I’m not an expert on philosophy. And this article is not meant to talk about the intricate details of relativism. However, when it comes to wellness, this topic matters. Our inability to think beyond our tidy little creations of right and wrong, creates gross misunderstanding, ugly biases, and limits knowledge. Relativistic thinking doesn’t rely on absolute truths. Relativity suggests that most truth, if not all truths, rely on the context of the particular individual or culture holding the beliefs.
Whether you are a scientist, a lawyer, or activist, rigidity of thought destroys healthy openness, confining thought to blind ignorance. Relativistic thinking, because of its impact on wellness, has a place in psychology, pushing the boundaries of our understanding beyond the simple right and wrongs, opening our minds to a universe that is much larger than we previously could even contemplate.
Key Definition:
Relativistic Thinking refers to the biased thinking belonging to a particular individual or culture happen. In relativism, the philosophy is there are no absolute truths, only versions of truth colored by the context of the individual or culture.
Radical Relativistic Thinking
There is a brand of radical relativism which paradoxically takes on a form of absolutism. Those that argue against relativistic thinking often cite examples of this radical relativistic thinking stirring fear that all morality and ethics will be lost.
Radical relativism holds that their are no standard of ethics. We hear it all the time. “I don’t like it, but they can do what they want.” The radicalization of the concept creates a world devoid of personal responsibility with a built in excuse for dodging responsibility. This belief creates an absolute—there are ‘no’ standards, therefore, we can judge no body.
Many fear this radical mindset of no judgement, and condemn relativistic thinking in all its forms. Oddly, they respond to relativistic thinking with their own brand of absolutism.

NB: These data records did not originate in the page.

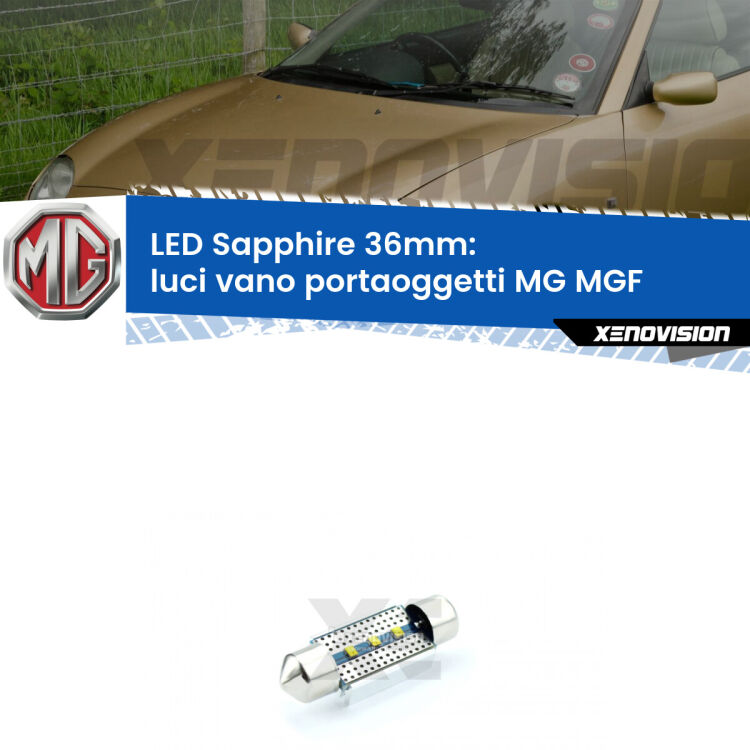 <strong>LED luci vano portaoggetti 36mm per MG MGF</strong>  1995 - 2002. Lampadina <strong>c5W</strong> modello Sapphire Xenovision con chip led Philips.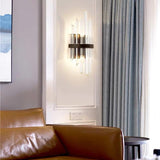 Led Spike Crystal Black Metal Wall Light for Drawing Room - Warm White - Ashish Electrical India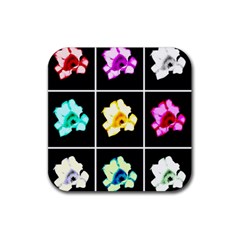 Tulip Collage Rubber Coaster (square)  by okhismakingart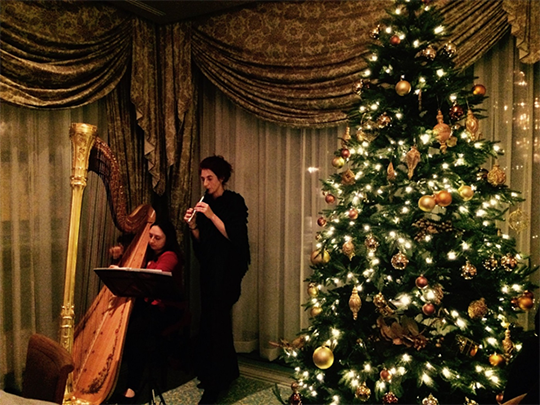 Musicians performing traditional Irish music for attendees at the annual Christmas dinner of the Irish Club in the Netherlands. 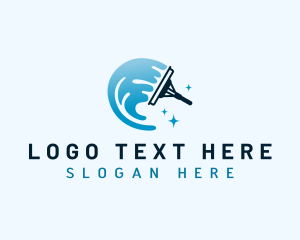 Clean - Cleaning Squeegee Sanitation logo design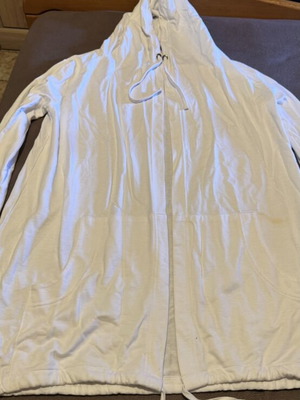 White women's hoodie cardigan, wide fit, hood, pockets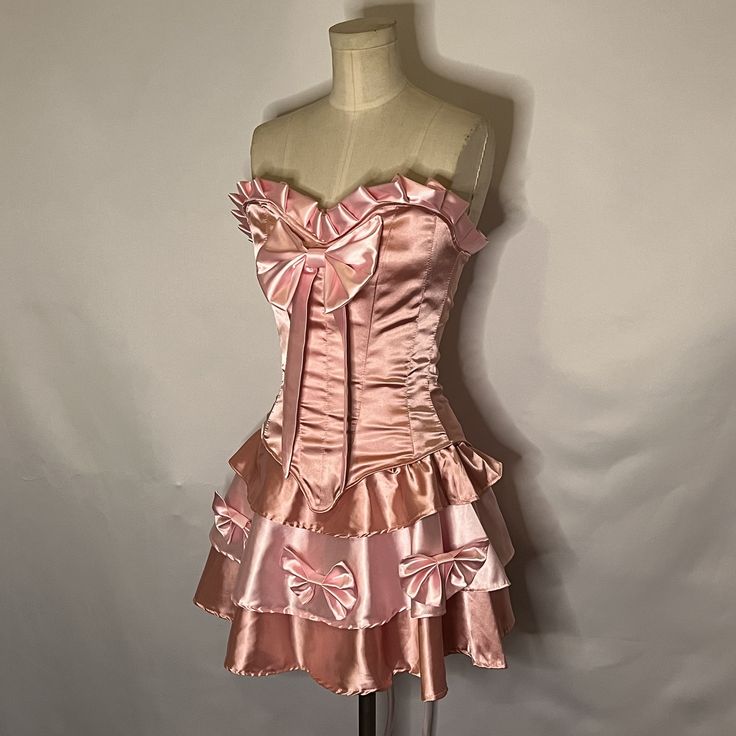 Sweet Heart Neck Pink Satin Bow 17th Birthday Homecoming Dress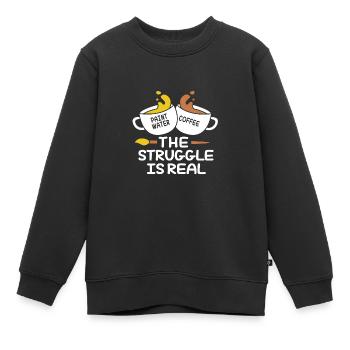 Maler - Kinder Premium Organic Sweatshirt - Schwarz - Vorne - AI Model Kid Female (0cm)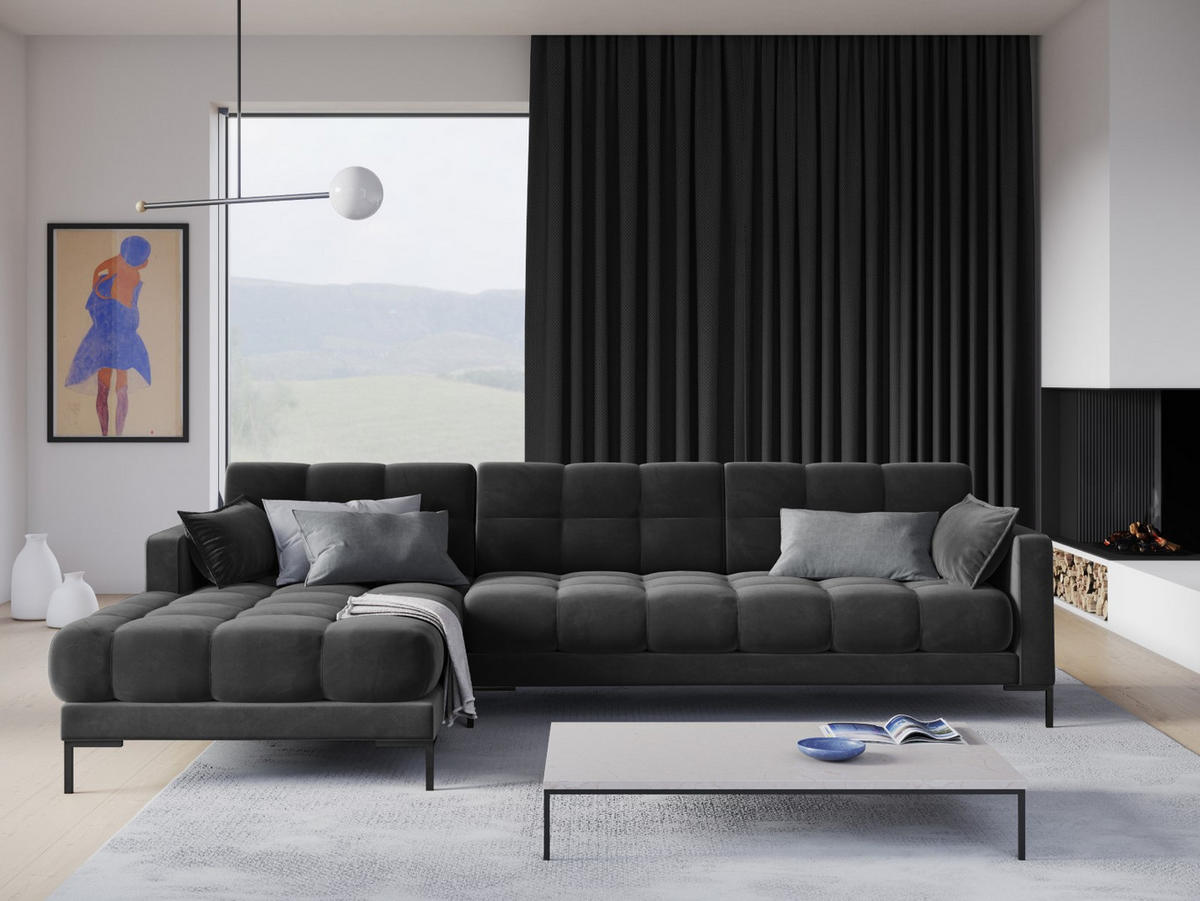 ECKSOFA links Mamaia aus Samt dunkelgrau 5 Sitzplätze - Dunkelgrau, Textil (185/293cm) - Micadoni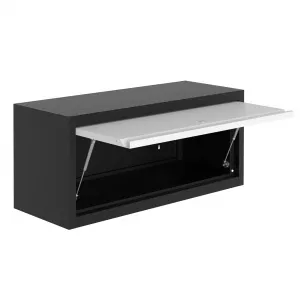 Heavy-Duty 30" Metal Wall Cabinet with Lock - Hydraulic Flip-Up Door, 33 lbs CapacitWall-Mounted Tool Storage Organizer for Garage, Kitchen, Office, and Workshop, Black Grey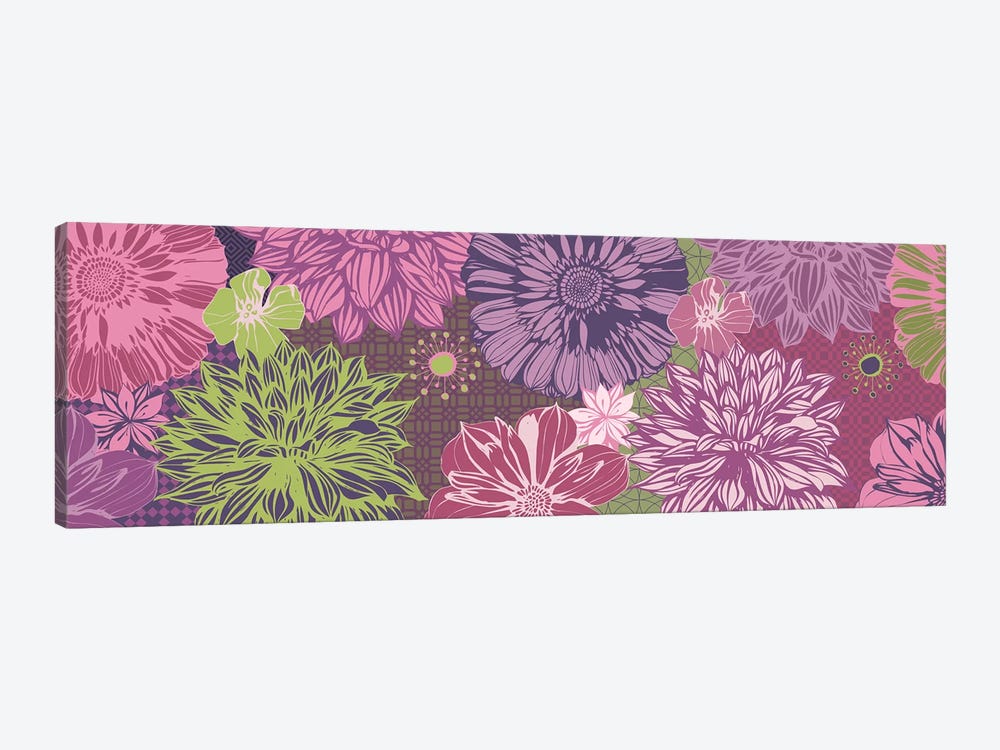 Flowers & Patterns (Green&Pink) by 5by5collective 1-piece Canvas Artwork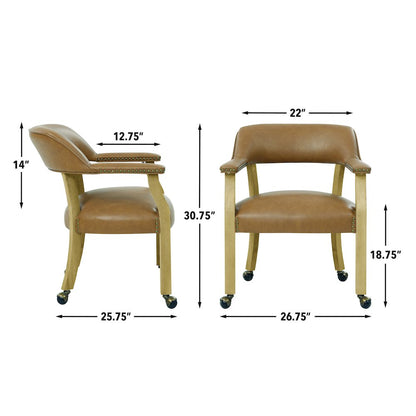 Rylie Dining Table & 4 Captains Chairs, Natural Finish, Camel Vegan Leather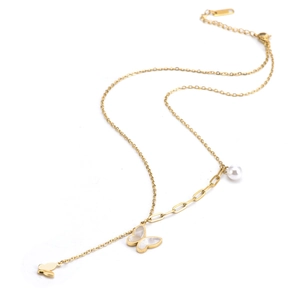 Minimalist gold titanium steel necklace with shell butterfly and pearl pendant charms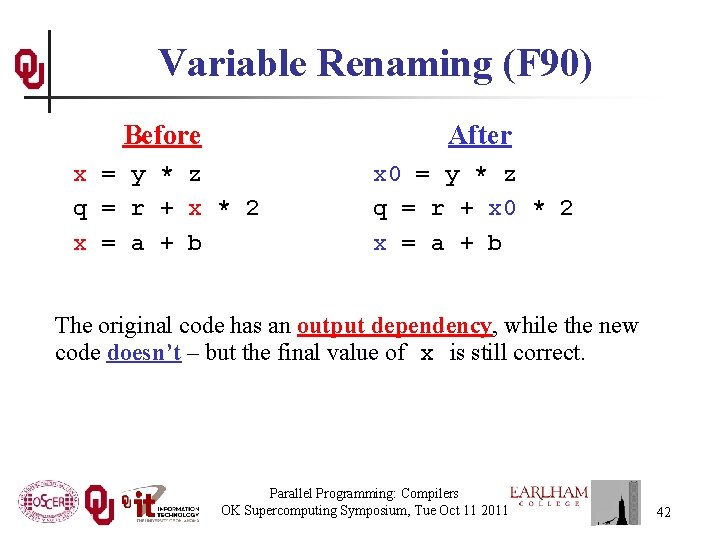 Variable Renaming (F 90) Before After x = y * z q = r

Values and Moralistic Relatism
Rushworth M. Kidder, founder of the Institute for Global Ethic, wrote, “what’s coming, unfortunately, may be a resurgent morality of relativism, in which core values fall into cynical disrepute and cold-blooded self-will finally drives out all vestiges of honesty, love, fairness, responsibility, and respect” (2009).
This radical form of relativistic thought is “precisely the kind of relativism that cultural conservatives decry, a kind of epistemic free-for-all in which ‘the truth’ is wholly a matter of perspective and agenda” (Kakutani, 2018).
Albert Ellis believed that absolute truth didn’t exist, not because there were no absolutes but “because we also always view so-called reality in a prejudiced, subjective way.”
Ellis, however, didn’t hold to the radical view that rules and laws were therefor invalid. He argues, “absolute reality may not exist-or at least, as Kant pointed out, we cannot absolutely prove it. But social reality-the idea that we are humans who live with other humans and had better establish some laws and rules which will probably help us to live more successfully with them-does seem to exist and can be seen with some degree of probability. But not certainty!” (2007).
Fundamental Truths
Certainly, I believe there are some truths. However, the older I get, the more research I examine, the more truths that I held in my younger years bow in honor to the arrival of new possibilities, and, perhaps, deeper understanding. If I stubbornly embraced the paucity of knowledge that I held at nineteen, I would never experience the richness of wisdom that is now available.
Many truths I found are not moral imperatives of good and bad. But many truths are formed through associating a cause to the subsequent consequence. If you do this, then that will happen. So, we learn, studying is good because it leads to better grades. Or, “being kind to my wife, creates a happier marriage.” These associations between cause and effect are truths that I can embrace and apply to the betterment of my life.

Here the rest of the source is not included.